Getting Formal About Debug

Formal technology is playing an increasing role in the debug process, and some fundamental new directions are being explored to make debug more automated.

popularity

While much of the design and verification flows have been automated, debug remains the problem child. It has defied automation and presents a management nightmare due to the variability of the process. In recent articles about debug, we examined how much time development teams spend in the debug process and some of the reasons why it is becoming a bigger problem. This includes issues such as expanding beyond being a purely functional problem into other areas such as performance, power and security.

Another recent article examined the expanding scope of debug. It is no longer just a hardware functionality problem, and debug today has several stakeholders, all of which may want different data, different forms of visualization and different analysis tools.

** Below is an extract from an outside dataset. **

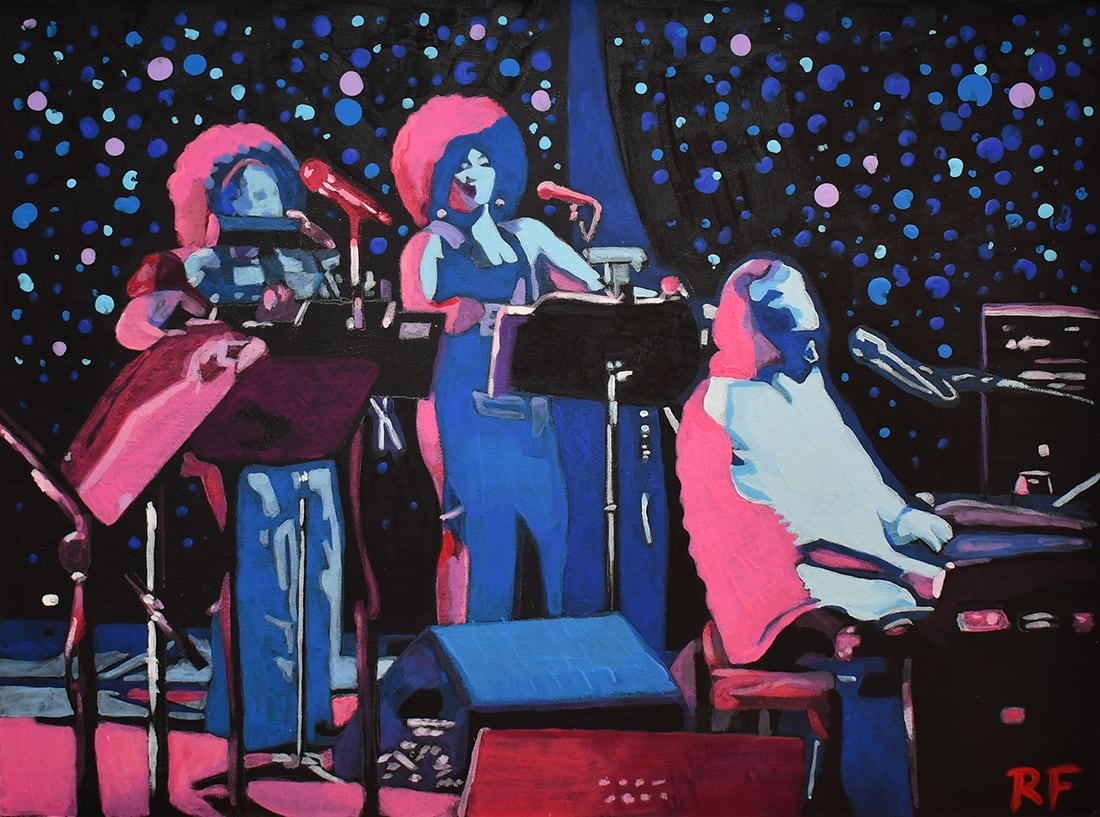 Colorful Dan Live by Rodger Ferris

In this article, we will look into the ways in which formal technology is becoming increasingly entwined with the debug process, the reasons why debug automation failed in the past, and some new developments that may bring the problem under more control.

Debug and formal
Formal technology can help the debug process in several ways. “Formal can provide huge productivity leaps that enable you to see a problem in a waveform and then get the formal tool to generate a waveform for that example,” says Frank Schirrmeister, senior director of product marketing for the System and Software Realization Group at Cadence. “Then you can do what-if scenarios.”

Even if you have a trace, it may not be very useable. “Formal analysis can describe failures in terms of counterexamples with the shortest-possible path to failure,” says Dave Parry, chief operating officer for Oski Technology. “As a result, the design or verification engineer can see the misbehavior in its simplest and most direct form, with the events leading to the failure concentrated in a small number of cycles. This is instead of wading through thousands of simulation cycles with the events leading to the failure spread throughout.”

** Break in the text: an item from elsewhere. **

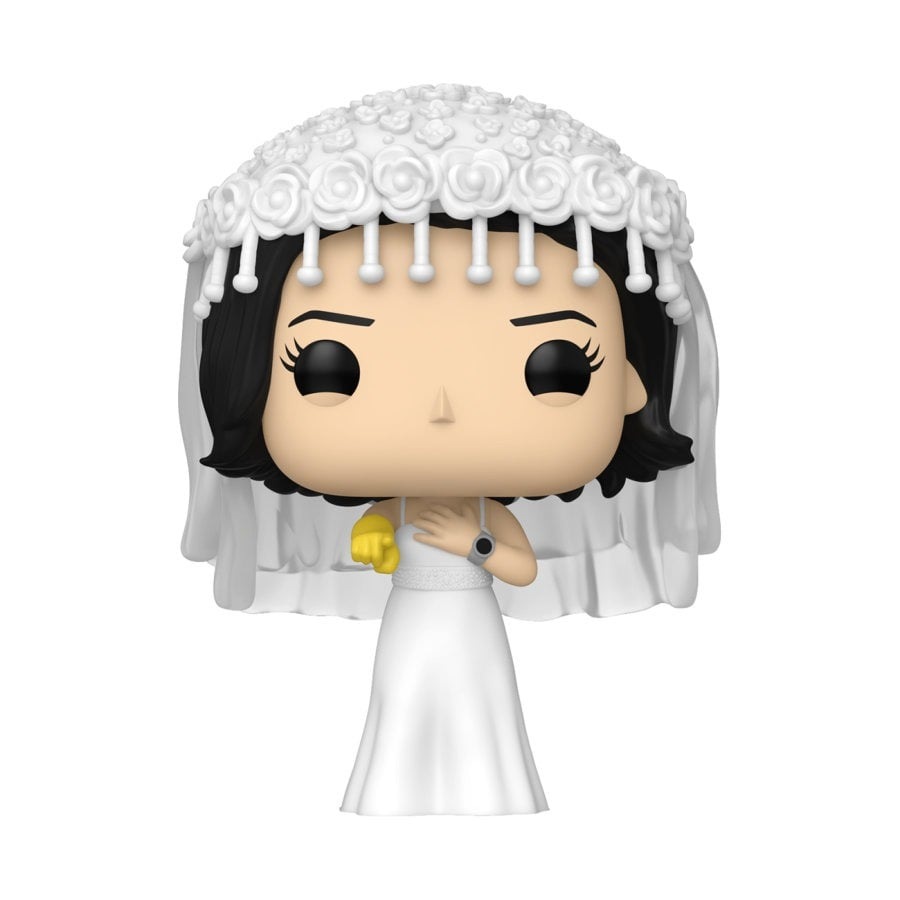 Friends Monica Geller Wedding Dress Funko POP! Vinyl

But what if you don’t exactly know where the problem is? “Formal is of great value in recreating and refining error conditions from partial error data and limited visibility onto signals, and trying out different scenarios,” says Dave Kelf, vice president of marketing for OneSpin Solutions. “In essence, a verification engineer assumes some error condition, assumes some more things that are known or suspected, and can ask the tool how this can happen. Being able to start the analysis from a partially specified state of the design is the big advantage of formal.”

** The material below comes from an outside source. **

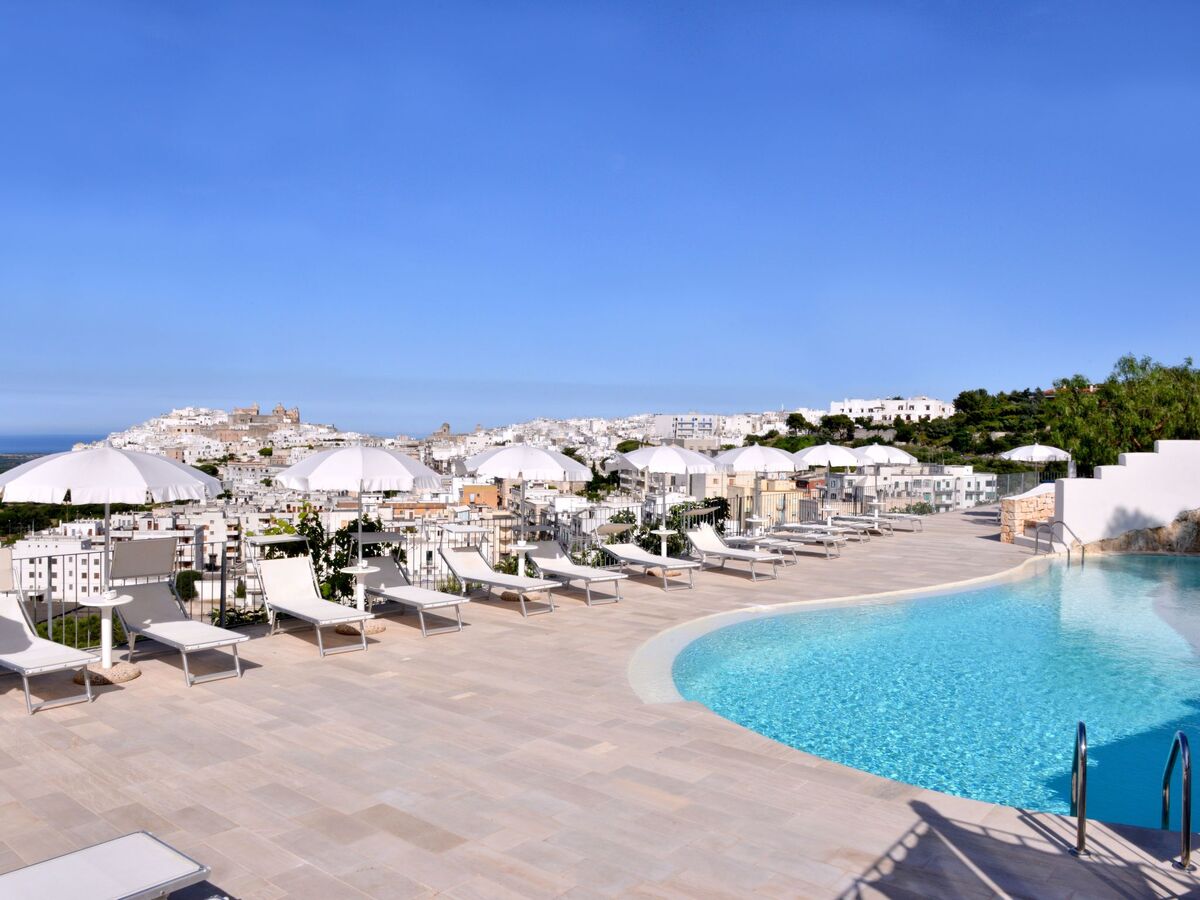 Villa Venere - Vue panoramique sur Ostuni et piscine - Photo 17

The combination of simulation and formal working in tandem has led to a number of solutions. “The full solution in some cases is a combination of static-semantic, static-formal and simulation methods,” says Pranav Ashar, chief technology officer at Real Intent. “Even when the bug is eventually found in simulation, the static analysis methods would have created instrumentation in the testbench for monitoring and stimulus generation that would make the post-failure-detection debug process more directed and focused.”

Ashar provides an example of where this could be used. “A good example of the last point is , which is verification in the presence of simulation X values. An upfront static analysis would be able to instrument the testbench for detection of X-optimism, X-pessimism and X propagation during simulation, so that if an X-related failure is detected in simulation, finding the root-cause becomes much easier.”

Oski’s Parry provides another way in which this capability is being utilized. “Present-day formal tools are capable of tracing an identified problem to the specific line of RTL code that is leading to the failure. Using assertion-based verification IP for well-specified interfaces, an engineer can divide-and-conquer more complex debug problems. They can push formal and checkers used at the simpler block level into simulation as assertions at the more complex sub-system or system levels to decrease time to failure when debugging. This provides more detailed insight into the source of the failure.”

Problems found in simulation can also be turned into formal problems. “Bugs discovered in system-level simulation, or post silicon can be reproduced in the formal environment by adjusting constraints and/or checkers in the block-level formal testbench and rerunning it,” continues Parry. “This saves the engineer from trying to duplicate long, complex input/event sequences to get the block or unit level simulation model to precisely mimic the system-level behavior.”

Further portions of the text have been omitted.